2. Data en methoden
Voor dit onderzoek is gebruikgemaakt van registerdata uit het Stelsel van Sociaal-statistische Bestanden (SSB). De onderzoekspopulatie bestaat uit alle vrouwen die op 31 december 2018 tussen 15 en 49 jaar oud waren en zowel in 2017 als 2018 gedurende het gehele jaar in Nederland woonden (N=3.506.500). Van deze vrouwen wordt bekeken of zij in 2018 een kind hebben gekregen.
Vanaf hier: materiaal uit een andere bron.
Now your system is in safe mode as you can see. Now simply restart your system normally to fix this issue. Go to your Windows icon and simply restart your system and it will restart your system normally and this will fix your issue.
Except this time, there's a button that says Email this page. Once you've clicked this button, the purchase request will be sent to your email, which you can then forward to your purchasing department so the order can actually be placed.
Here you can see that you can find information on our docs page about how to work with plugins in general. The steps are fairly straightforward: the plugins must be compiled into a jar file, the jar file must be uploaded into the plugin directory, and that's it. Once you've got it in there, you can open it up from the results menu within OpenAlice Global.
De vrouwen zijn ingedeeld in vijf categorieën op basis van de activiteit waaruit zij het hoogste bedrag aan inkomen verkregen (de hoofdactiviteit; zie CBS, 2018), te weten (1) in opleiding; (2) werknemer met een flexibele arbeidsrelatie; (3) werknemer met een vast contract; (4) zelfstandige; en (5) overig. Vrouwen die ingeschreven stonden bij een opleiding zijn altijd ingedeeld bij de categorie in opleiding, ongeacht hun hoofdactiviteit. Hetzelfde geldt voor de categorie zelfstandigen: indien een vrouw als zelfstandige heeft gewerkt (en geen student was), is zij in alle gevallen ingedeeld in de categorie zelfstandige. Voor de afleiding van de overige categorieën is de voornaamste inkomensbron leidend geweest. Directeur-grootaandeelhouders (DGA’s) zijn bij de vaste werknemers ingedeeld. De hoofdactiviteit wordt gemeten in maart 2017, zodat de hoofdactiviteit in de tijd vooraf ging aan de eventuele verwekking van een kind in 2018. In alle analyses wordt gebruikgemaakt van de leeftijd van vrouwen op 31 december 2018.
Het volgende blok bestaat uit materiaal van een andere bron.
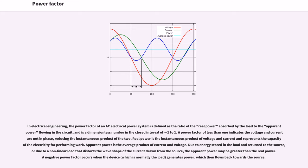Power Factor. In electrical engineering, the power factor of an AC electrical power system is defined as the ratio of the real power absorbed by the load to the apparent power flowing in the circuit, and is a dimensionless number in the closed interval of minus 1 to 1. A power factor of less than 1 indicates the voltage and current are not in phase, reducing the instantaneous product of the two.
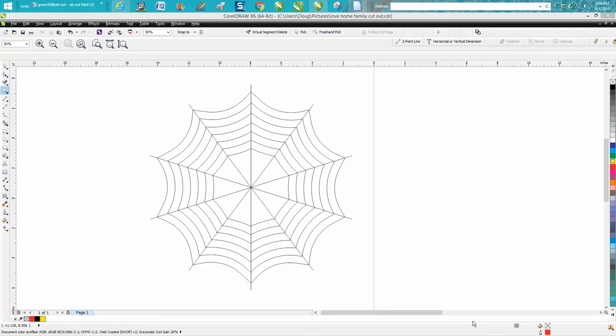Hi, it's me again with CorelDRAW Tips and Tricks and this is the third part of this drawing of cobweb. I promise you it will be the last, but I found a better, faster, quicker way to do this.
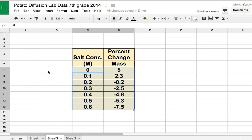Here's a very quick video on how to graph your data for your potato lab. I made up some data here.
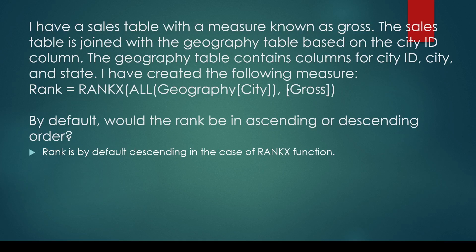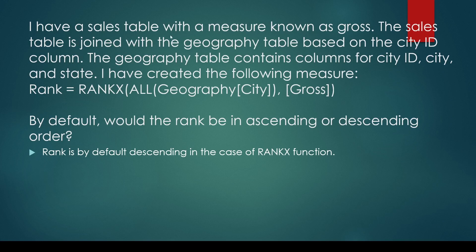You may be asked a question about the RANKX function - is the rank by default ascending or descending? For example: I have a sales table with a measure known as gross. The sales table is joined with the geography table based on the city ID. The geography table contains columns for city ID, city, and state. I have created the following measure. By default, the rank would be ascending or descending?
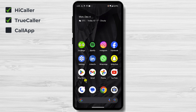Call App — a symphony of customization. Call App strikes a harmonious balance between customization and functionality, offering a diverse range of call screen themes to match your style. Whether you prefer sleek minimalism or vibrant extravagance, Call App's theme collection covers you. Additionally, Call App bolsters your call management skills by blocking spam calls, identifying unknown callers, and recording calls with effortless convenience.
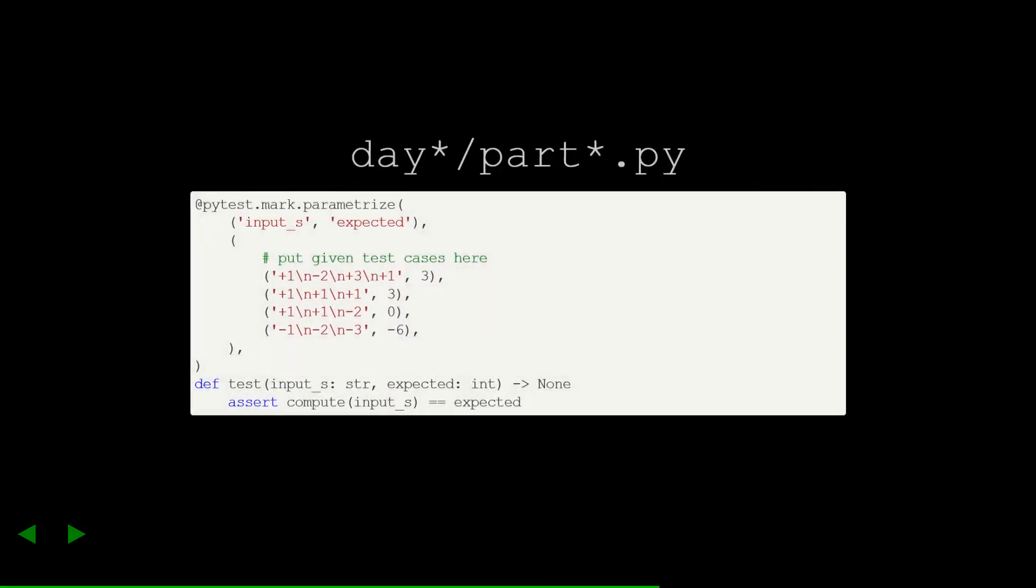The next part of the file is the tests. This is where we'll leverage PyTest to check some inputs and outputs with our solution. In this example, I've taken the examples given by the day1 part1 problem. We're using PyTest's parametrize to generate a bunch of tests based on these pairs of expected inputs and outputs.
De analyse bestaat uit drie stappen, die elk apart zijn uitgevoerd voor vrouwen van elke leeftijd tussen 15 en 49 jaar. Ten eerste is bekeken hoe het aandeel vrouwen in opleiding en het aandeel vrouwen met een flexibele arbeidsrelatie tussen 2010 en 2017 is veranderd. Hiervoor is een alternatieve populatie geselecteerd bestaande uit alle vrouwen die op 31 december 2011 tussen de 15 en 49 jaar oud waren. Om deze vrouwen te kunnen vergelijken met de vrouwen in 2017/2018 is de hoofdactiviteit in maart 2010 gebruikt en de leeftijd op 31 december 2011. Grafieken 3.1 en 3.2 tonen de verandering tussen 2010 en 2017 in (a) het aandeel vrouwen dat in opleiding is, afgezet tegen de hele populatie vrouwen in die leeftijd; en (b) het aandeel vrouwen met een flexibele arbeidsrelatie, afgezet tegen alle vrouwelijke werknemers in die leeftijd.
In de tweede stap zijn de effecten geschat van in-opleiding-zijn en werken met een flexibele arbeidsrelatie in maart 2017 op de kans om in 2018 een kind te krijgen. Dit is gedaan met behulp van logistische regressiemodellen, waarbij gecontroleerd is voor migratieachtergrond (met categorieën geen migratieachtergrond, niet-westers eerste generatie, niet-westers tweede generatie, westers eerste generatie en westers tweede generatie) en opleidingsniveau (met categorieën laagopgeleid, middelbaar opgeleid, hoogopgeleid en onbekend). Vervolgens is voor elke hoofdactiviteit de gemiddelde kans om een kind te krijgen berekend. Het kleine aandeel vrouwen dat in 2018 meerdere kinderen kreeg, is meegenomen in de analyses alsof ze één kind hebben gekregen.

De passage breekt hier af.